Last week, one case of the highly transmissible Covid-19 Delta variant saw us pull out our strongest defence and lockdown the country at alert level 4. In the next few days, we would see cases, contacts and locations of interest ripple across Aotearoa, identified under the microscope of our collective response. We have acted to isolate the virus, flush it out, and stop it dead in its tracks. If we stick with the plan together, apart, we’re on track to win.
But when a disaster is playing out in slow motion, with less bang, more data and trends, out-of-sight-out-of-mind, impacting particularly those without platform or power, things tend to get a whole lot more complicated. They get political. With climate change, we’re talking denial, then delay. With the housing crisis, we’re talking denial, then arbitrary limitations of what is politically possible. With growing inequality, we’re talking denial, then an attempt to shift focus to a notion of the “economy” at the expense of who’s paying the price.
When these crises are happening simultaneously, conventional wisdom tells us we should only deal with one of those problems at once. Orthodox politics tells us we must prioritise the fires, and take a water bucket to each in order. We’re not invited to think about why the heat is rising, that may be all of this seemingly spontaneous combustion has to do with the amount of proverbial (and literal) oil we’ve been indiscriminately extracting. That maybe we didn’t have to leave so much convenient kindling (cheap debt only meaningfully accessible to those with pre-existing equity) lying around. That these fires aren’t inevitable and we can change the rules to ensure they don’t happen again.
As foreign as the idea of standing in a crowd of 80,000 feels now, it was only in 2019 when that mass protest – 10 times the highest estimate authorities had predicted – took to Auckland’s Queen St, led by school children. They were demanding a liveable climate for a safe future. Hand-painted signs reminded us we had 12 more years to take bold, decisive action. That was two years ago.
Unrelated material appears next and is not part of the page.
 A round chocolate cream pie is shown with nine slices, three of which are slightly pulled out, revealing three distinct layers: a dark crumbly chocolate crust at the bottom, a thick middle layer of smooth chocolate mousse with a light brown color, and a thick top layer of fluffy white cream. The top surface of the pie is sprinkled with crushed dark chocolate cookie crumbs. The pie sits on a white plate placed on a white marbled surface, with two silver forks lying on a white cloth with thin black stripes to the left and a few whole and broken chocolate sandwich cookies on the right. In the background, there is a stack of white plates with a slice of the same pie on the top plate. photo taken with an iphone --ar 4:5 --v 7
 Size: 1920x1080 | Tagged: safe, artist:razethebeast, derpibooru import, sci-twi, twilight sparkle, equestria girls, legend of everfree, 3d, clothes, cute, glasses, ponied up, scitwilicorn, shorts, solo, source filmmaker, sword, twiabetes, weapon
Thanks to the tireless and challenging work of Climate Change Minister and Green Co-Leader, James Shaw, we now have a Zero Carbon Act. We have an Independent Climate Commission, offering public advice and requiring a government response. We’ll be the first country in the world to put a price on agricultural emissions.
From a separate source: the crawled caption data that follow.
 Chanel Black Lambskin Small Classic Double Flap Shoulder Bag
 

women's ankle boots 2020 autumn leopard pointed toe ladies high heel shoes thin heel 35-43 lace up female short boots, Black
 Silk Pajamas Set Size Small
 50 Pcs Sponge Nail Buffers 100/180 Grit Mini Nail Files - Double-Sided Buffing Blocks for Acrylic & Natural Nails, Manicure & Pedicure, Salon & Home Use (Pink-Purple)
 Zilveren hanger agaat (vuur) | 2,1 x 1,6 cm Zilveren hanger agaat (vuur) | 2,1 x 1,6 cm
This plan will be a framework, a blueprint, a playbook for how we can all do our bit to avoid catastrophic global warming, and the worst of ocean acidification, food supply threat, mass human migration and species extinction that comes with it.
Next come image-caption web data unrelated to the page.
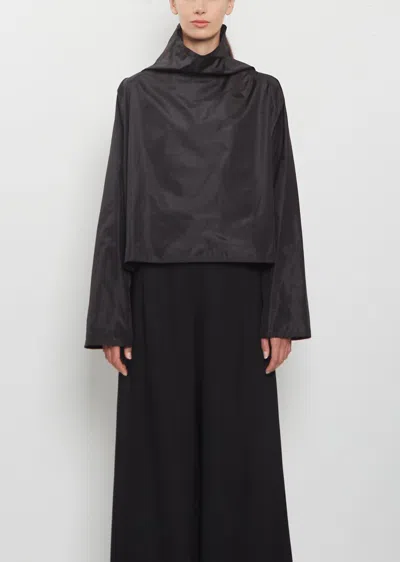 Dušan Silk Batwing T-neck Top In Black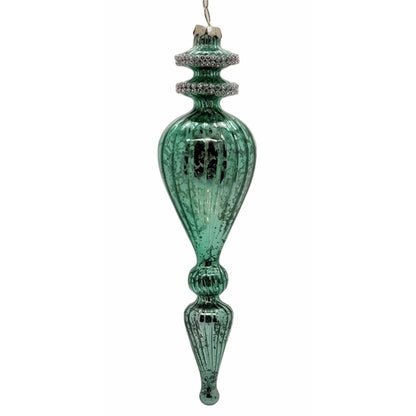Aqua Mercury Glass Finial Ornament 9.5" | TG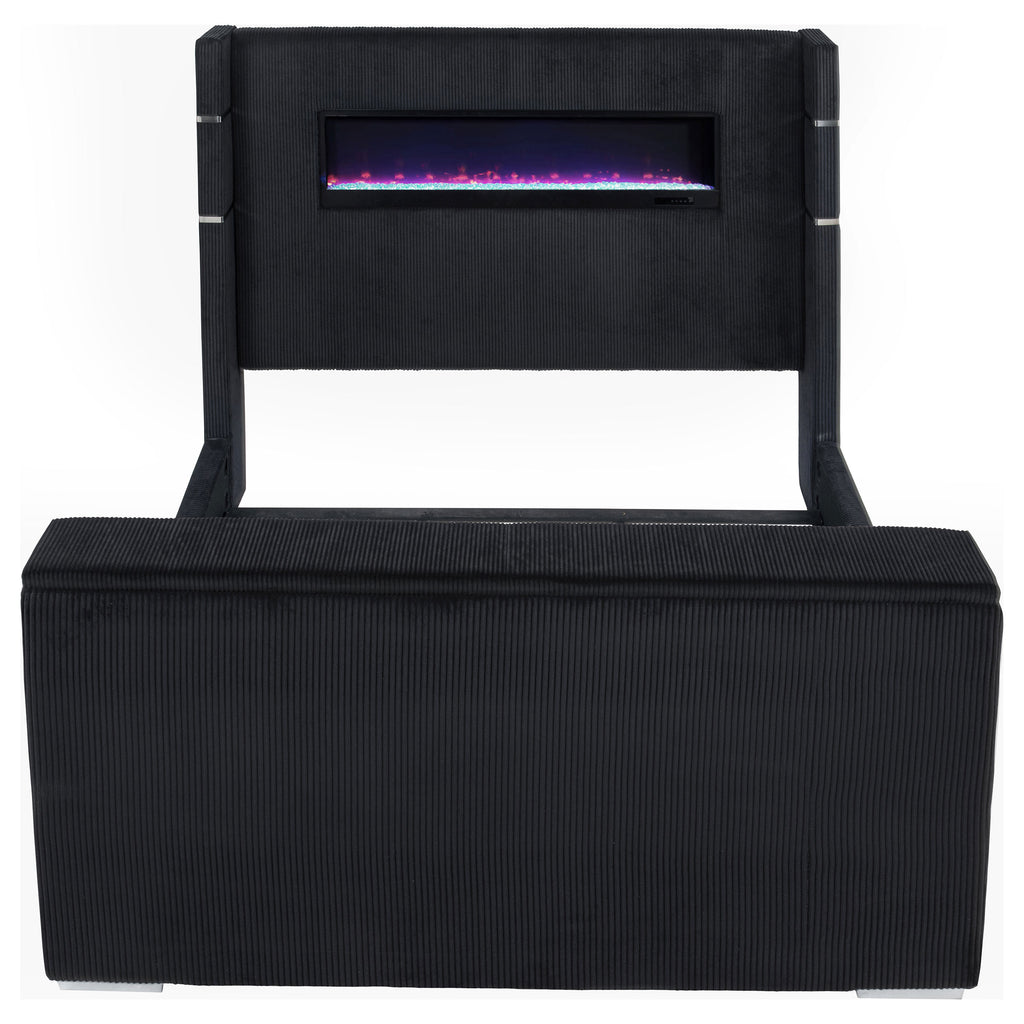 Tisdall California King Flame Visualizer TV Bed Black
For this plan to work, every part of government needs to do its bit. We couldn’t have built a Sky Tower if we ignored the civil engineering, electrical, workplace safety and architectural advice. Auckland’s skyline would look radically different if those specialists hadn’t worked together, trusted each other depth of expertise and deployed the resources necessary to create something that had never before been done.
This is why every minister this term is a climate change minister. A plan is only as good as its execution. A plan can only be executed if everyone required to take action is looked after and secure in their ability to do their job. In the same way, such colossal infrastructural development requires thorough health and safety protocols, climate action requires a just transition; everybody across this country must be provided the security of income and housing for us to do our part.
Our challenge is particularly stark, because if every country in the world produced the same amount of climate-changing emissions as Aotearoa, we would hit 4C of global warming by the year 2050. International efforts, and our pledge to the Paris Agreement, is to keep that below 1.5C.
One small, fundamental piece of this puzzle is our soon-to-be-updated Nationally Determined Contribution target under the Paris Agreement. In less than three months’ time, countries from all over the world will gather at the next global climate talks to take stock of progress. Aotearoa will be expected to arrive at these talks in November with a more ambitious target. That target will be a litmus test of its commitment to action; think of it as setting the height and shape of our figurative Sky Tower plans.
We can and must deal with the crisis at hand while recognising the design of our systems and rules is driving us into a future crisis, without seatbelts. We cannot fix the problems of today with the tools that created them. We know our government can act when confronted with crisis – let’s make sure it does with the ones today’s young people will otherwise inherit.